Potty training was one of my concerns I brought up when we took Shea to UW CHDD last spring. I was looking for any ideas, support, tips, direction on helping with this. Because, you see, Shea still has very little interest and he is 4 1/2. He isn't inspired by "big boy pants" and doesn't find sitting on the potty all that life affirming. He seems fine with mom or dad taking care of the mess, thank you very much.
Due to his language difficulties, he never really had a word for potty and has never expressed himself when potty was happening. Sure, he hunkers down when he is working on the business of poo but that is a "during" sort of thing. Probably too late at that point.
And, then the food allergy issue comes up again. Because we have been struggling with his allergies and food issues, he isn't necessarily very "regular". So, there is that difficulty too. Although, we have been known to bribe with M&Ms. At least he can eat chocolate.
All the specialists say, "Oh...boys...he isn't ready...don't push too hard." Good advise, so we don't but he sure seems happy to continue on as we are. Meanwhile, we are REALLY ready to let it go.
CHDD did hook us up with some direction the TEACH method for potty training used for autistic children. Even though, nobody seems to think Shea is autistic because of his non-verbal language issues, they suggested this method as a good one to try. It breaks down the process into many little steps where direction, support and reward can happen at each step.

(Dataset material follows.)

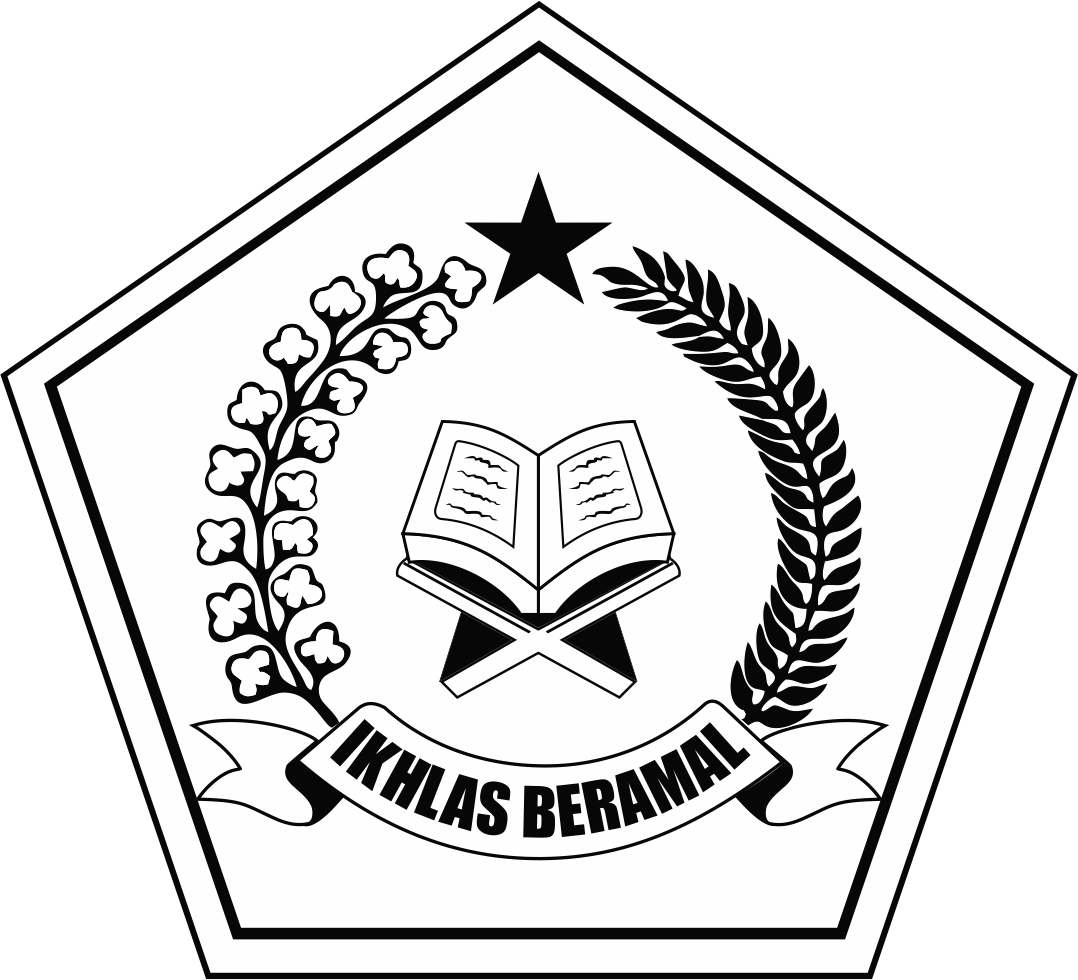 Detail Download Logo Kemenag Warna Nomer 10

The Developmental Preschool is helping and we have included potty training in Shea's IEP. I didn't even realize we could do that but Bubble lady suggested it. She said she has had several kids include it in their IEP therefore the school must work on it with the child. Although, Shea's at school only a few hours a week, it did make us feel more supported and that we weren't all on our own on this one. Although, we are still have a long way to go.
So, I wish I had more supportive suggestions but I don't. In fact, I hope someone has suggestions for me.